Trailing himself by less than a minute. It's not that this phenomenon is terribly rare, nor is it surprising considering that one company owns most of the radio stations, but come to think of it, when is this song NOT playing in the background, somewhere? It is the multinational anthem.

I don't have the surplus funds to buy someone else's kid an iPod. In fact, I recently gave one away involuntarily when I left one of my truck doors unlocked overnight. But I have no right to condemn the earnest materialism of any American child. With few exceptions we are all convinced that we should have stuff, whether or not it is stuff we need or 'deserve.' We dream, hope, and pray for stuff even if we use St. Nicholas as an intermediary because we are reluctant to flat-out ask the Lord for a Mercedes Benz. O reason not the need.

May I discern my needs from my wants. May I cast the iPad from my own eye before presuming to removing the Nano from my neighbors. May we have a few quiet moments of peaceful enough already this season and share the surplus with someone else. <3

Tuesday, December 06, 2011

What happens next?

For some time following my last post eight months ago, I meant to post my 50-mile playlist. But I never did.  I have thought of reconfiguring this forum in various ways for various purposes and did not do that either. Do I want a consistent narrative thread? An underlying theme? A greater agenda? A semi-public diary? A window? An audience? I am looking for a point, but there are so many points. I have sung this Yusuf/Cat Stevens song I don't know how many times and I wonder if I've ever done what "I" say I'm doing when I sing it. I can't say for him whether it was just a pretty lyric or if he really did what he says he is doing in the song, either. What if listening to "The Wind" of your soul actually blows you away to a place where people think you have lost your mind? What if you are carried off by the wind to change your name and nobody recognizes you, and people speak of you as if you had died, and resent you for ceasing to give them what you gave them before and they want more of, as if it were a debt you had to pay to society all the rest of your days?

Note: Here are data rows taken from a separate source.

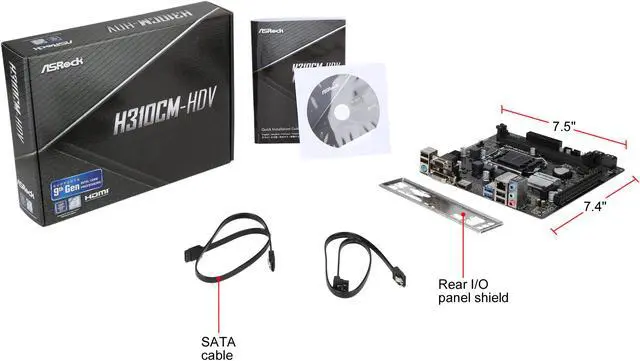 Alt view image 7 of 6 - ASRock H310CM-HDV LGA 1151 (300 Series) Intel H310 HDMI USB 3.1 Micro ATX Intel Motherboard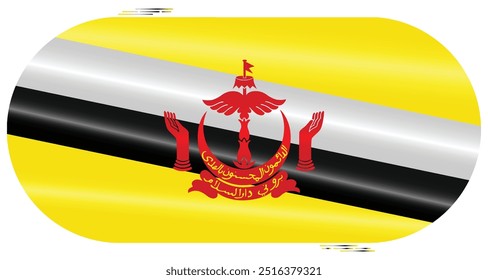 National Flag of Brunei. Borneo flag in Capsule shape. Asian Country. Brunei flags isolated on white background. Editable vector EPS available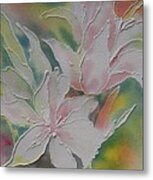 Stained Glass Orchid Metal Print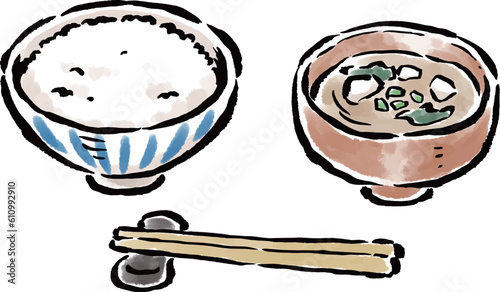 ご飯・味噌汁・箸 筆タッチイラスト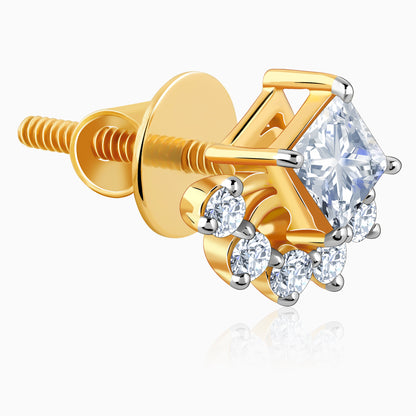 Gold Regal Solitaire Diamond Earrings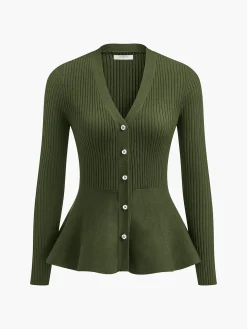 Ribbed Panel Bud Waist Button Knit Top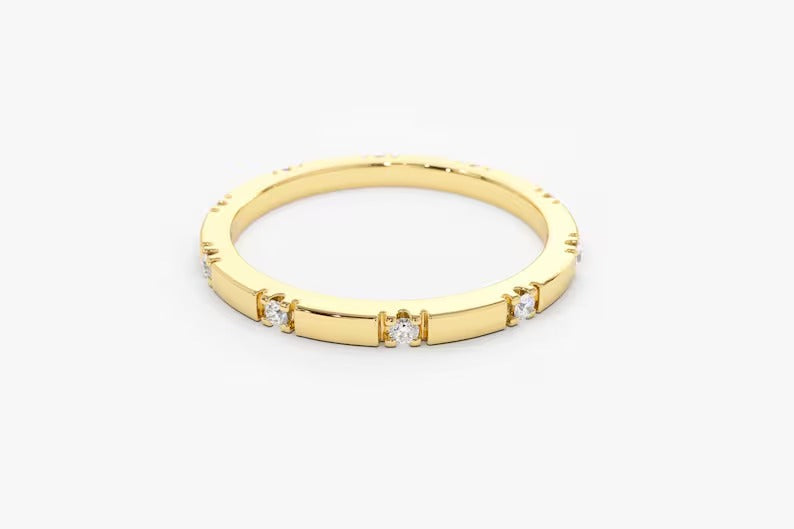 Round Diamond Wedding Band Unique Lab Grown Diamond Wedding Ring 14K Solid Gold Anniversary Ring Matching Minimalist Ring.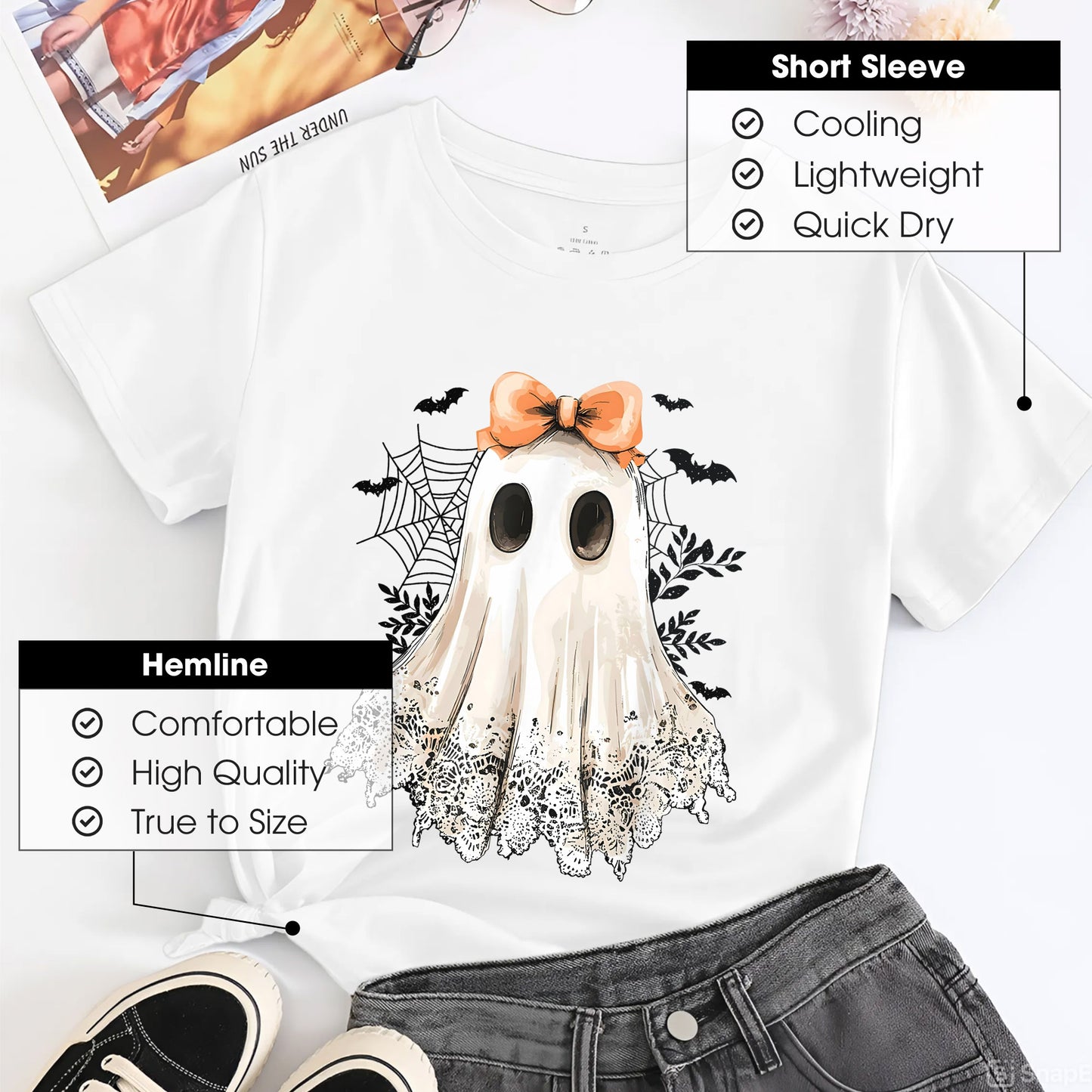 Cute Halloween Ghost with Bow T-Shirt - Adorable Spooky Spirit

I talked to a Zen priest some months ago. I was not presenting myself that day in the kind of package I would have wanted to present to someone I'd never met, let alone a Zen priest. I was all over the place, running ahead and falling behind and explaining everything in the wrong order. I told her I wanted to go to seminary to be a Unitarian Universalist minister and she said 'do you believe in God?' and I was startled because that is not a question I expected a Zen priest to ask. She said 'how do you know you want to be a Unitarian minister. Maybe you want to be a Zen priest. You should sit with this for a year.'

I have thought about that meeting a lot. I didn't take the advice. I have a patience paradox - some difficult situations and people I can sit with for a long, long time. I ran for 11 hours and 14 minutes last April 9th and finished the course without even throwing up at the end. But ask me to sit on an impulse for more than a week and I am like the rich young man who went away sorrowing after Jesus told him all he needed to do to enter the kingdom of heaven was give away everything he had to the poor. What kind of messed up thing was that to say to a rich kid?

Dear God, please don't ask me to sit. Unless you have a cookie. 

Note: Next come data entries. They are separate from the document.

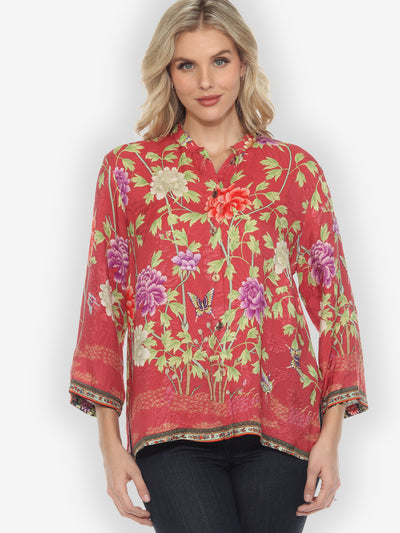 Border Floral Butterflies Silk Blouse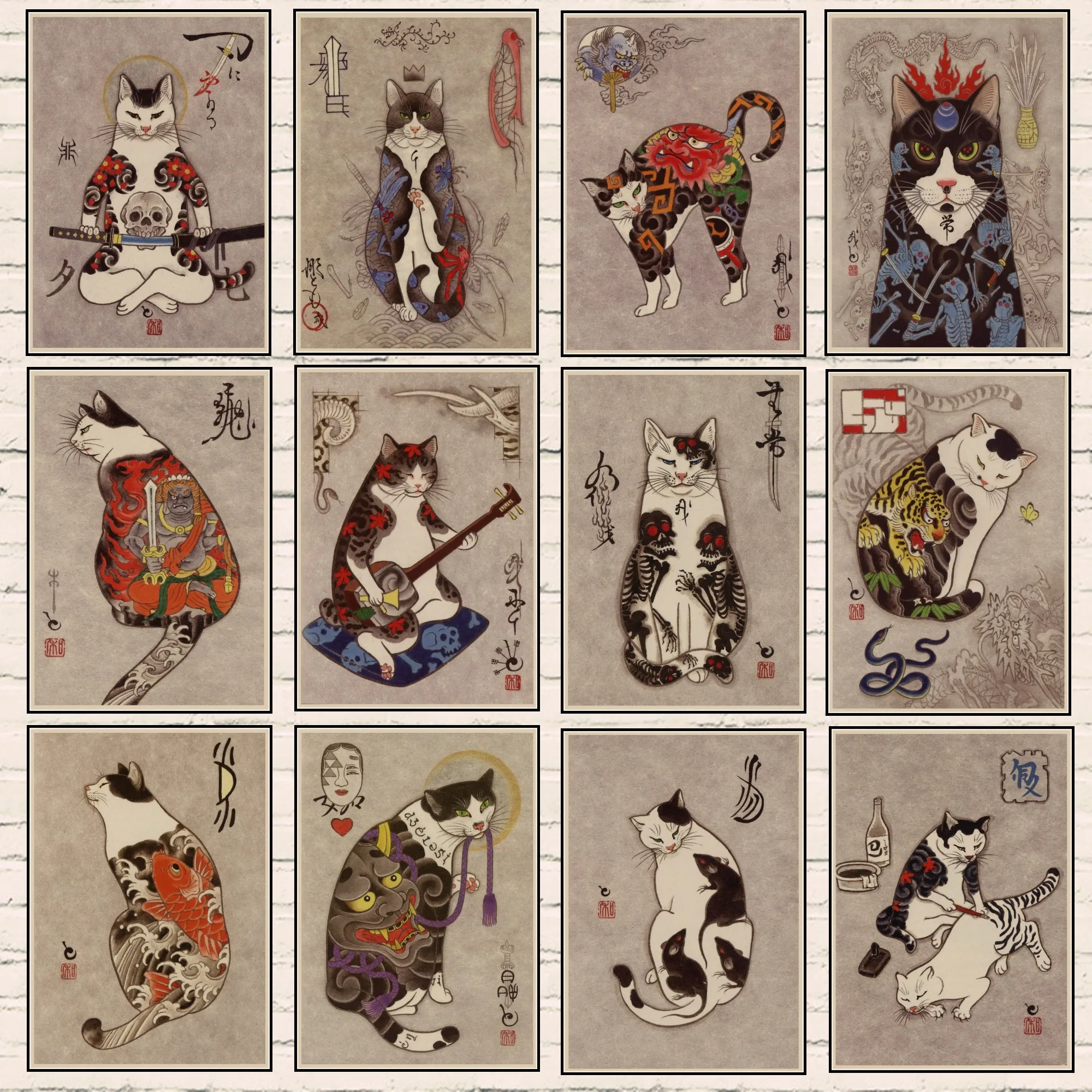 Винтажный Ретро-постер в японском стиле с изображением самурайского кота |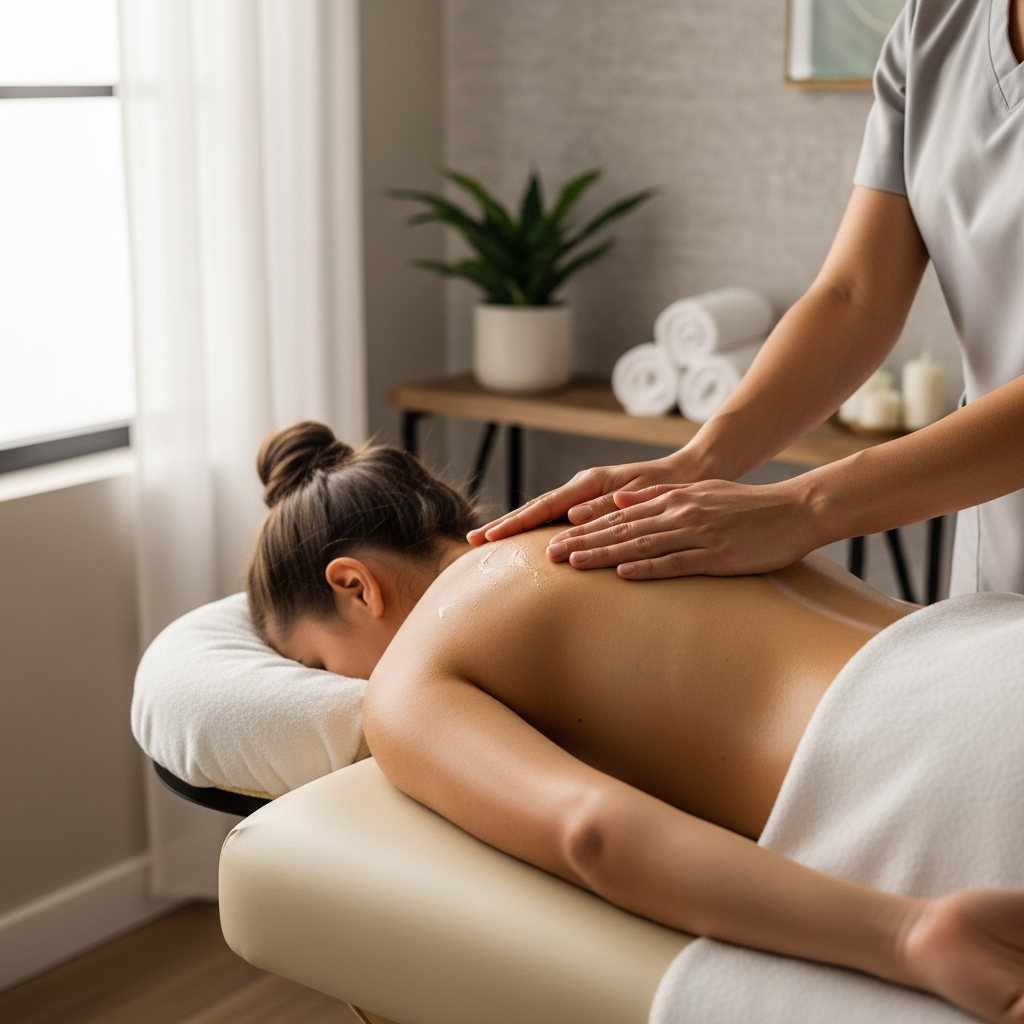 Шведский массаж спины в спокойной студии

Maybe there is more to that story, though.  The rich young man went away sad because he ostensibly was too attached to his wealth. But what if, later, he thought more about that advice he couldn't take, and the impulse that led him to ask in the first place returned, and his curiosity increased proportionately to a weariness of his burdensome status quo, and he started giving his wealth away, here and there...until eventually he could see through to the other side of it. And lo, the kingdom of heaven was at hand, not anywhere else. Not after graduation, not after parole, not after retirement, not after finding true love (in no particular order of importance).